We also frequently cook and sleep outdoors, the latter either on the sleeping porch or in a screened cabin, and this Thanksgiving was no exception.  As usual, we put the turkey - plus a  brisket and some sausages for good measure - on the smoker.  That yielded a deliciously smoky flavored turkey and left the oven available for all the yummy side dishes.




In spite of the generally mild central Texas climate, it can get quite chilly sleeping outside, and a good pile of warm bedding is called for.  Right now we rely on a rather rag-tag collection of blankets and old sleeping bags so I am working, slowly, on making quilts for each of the beds.  Here is one I just finished hand-quilting for Cabin II.  The wool batting I used to make it extra cozy shrunk quite a bit in the wash so the overall texture is very crinkly, but I think will age nicely.



Steve's mother, Winifred, hand-stitched the flowered whole-cloth quilt at the bottom of the bed.  I am guessing it is from some time during the 1960s.


This little butterfly kept Steve and me company while we were clearing some brush the other day and is a perfect color match for the new quilt.  Maybe someone can help me to identify it.  A clouded sulphur, perhaps?



Friday, November 15, 2013

Back to New England

Last weekend I made another trip to New England to visit the girls at school.  It was still fall-like in Connecticut with lots of brilliantly colored trees, but bare trees and snow flurries made New Hampshire and Vermont feel like winter.


In need of new quilting needles, I stopped at Pickering Farm Quilt Shop, housed in a restored 18th century barn in Richmond, New Hampshire.


It is right next to a lovely little apple orchard.


Their wonderful collection of traditional and reproduction fabrics were just too temptingly displayed for me to resist picking out some things for my stash.


The girls had classes on Monday so I ventured down the road to Turners Falls where I caught a stunning sunrise at the Gill-Montague Bridge along the Connecticut River.  Turners Falls, developed as a planned industrial community in the 1800s, retains many of its original brick structures which can be seen by strolling through town and along the canal's pedestrian and bike path.

Below the Gill-Montague Bridge

In the afternoon, frustratingly side-lined by a nagging injury, I watched, rather than ran, the Bemis-Forslund Pie Race and had to enjoy the fresh-baked apple pie prizes vicariously.

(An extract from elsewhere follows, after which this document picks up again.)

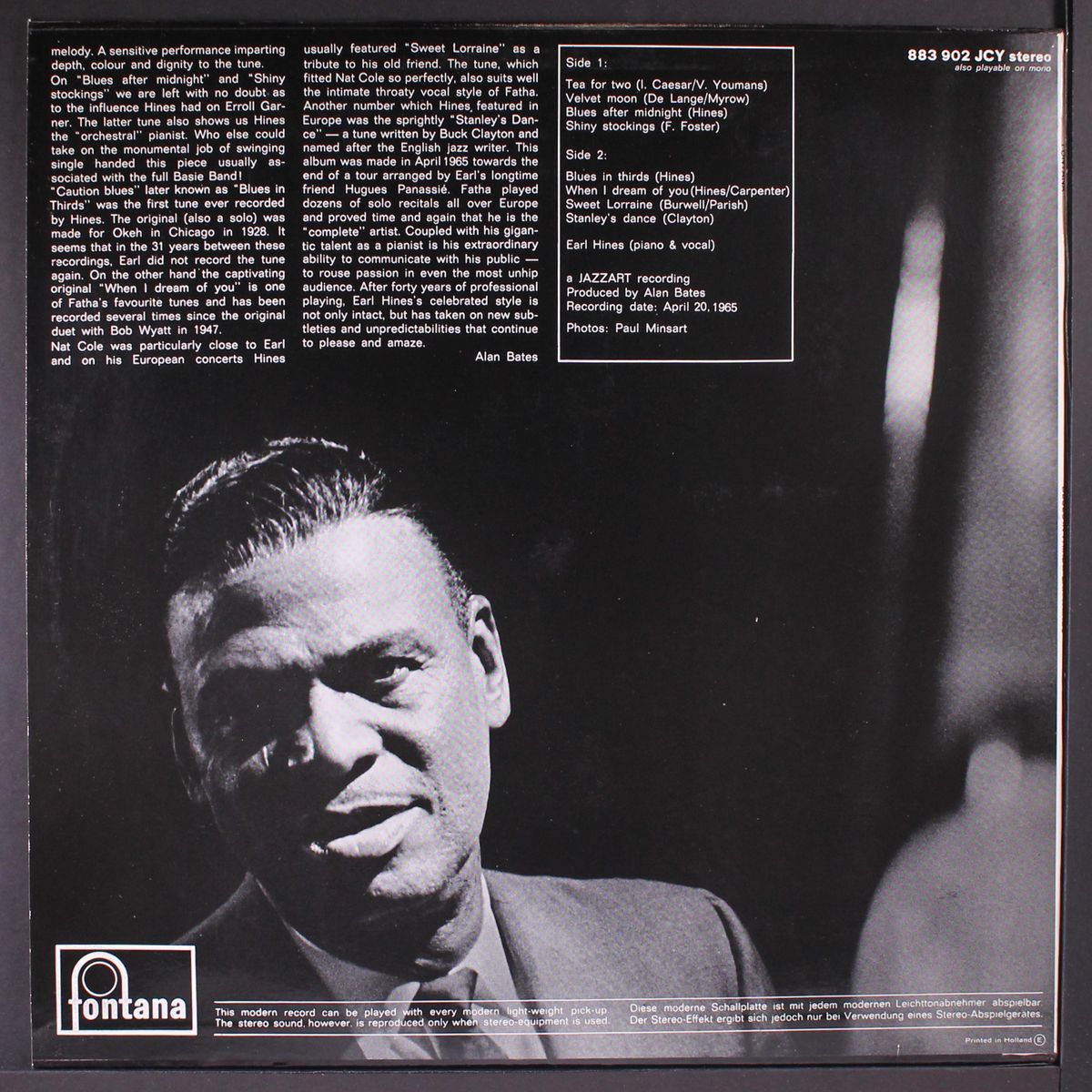 blues in thirds by EARL HINES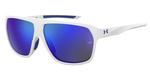 Okulary UNDER ARMOUR UADOMINATEWWK. Okulary przeciwsłoneczne, Kolor biały. Unisex.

The 4.3 mile cross-country race is claimed to be the oldest foot race in the country, older even than the Boston Marathon. This year's winner, Mohamed Hussein, bested the previous course record by nine seconds -- two days after having won the New England prep school cross-country championship in a record-setting time.  Clearly  he is a runner to watch. 


Mohamed Hussein

Just as the last runners were finishing, the previously solid grey sky gave way to a bit of sun and a dramatic sunset.  A nice way to end the day.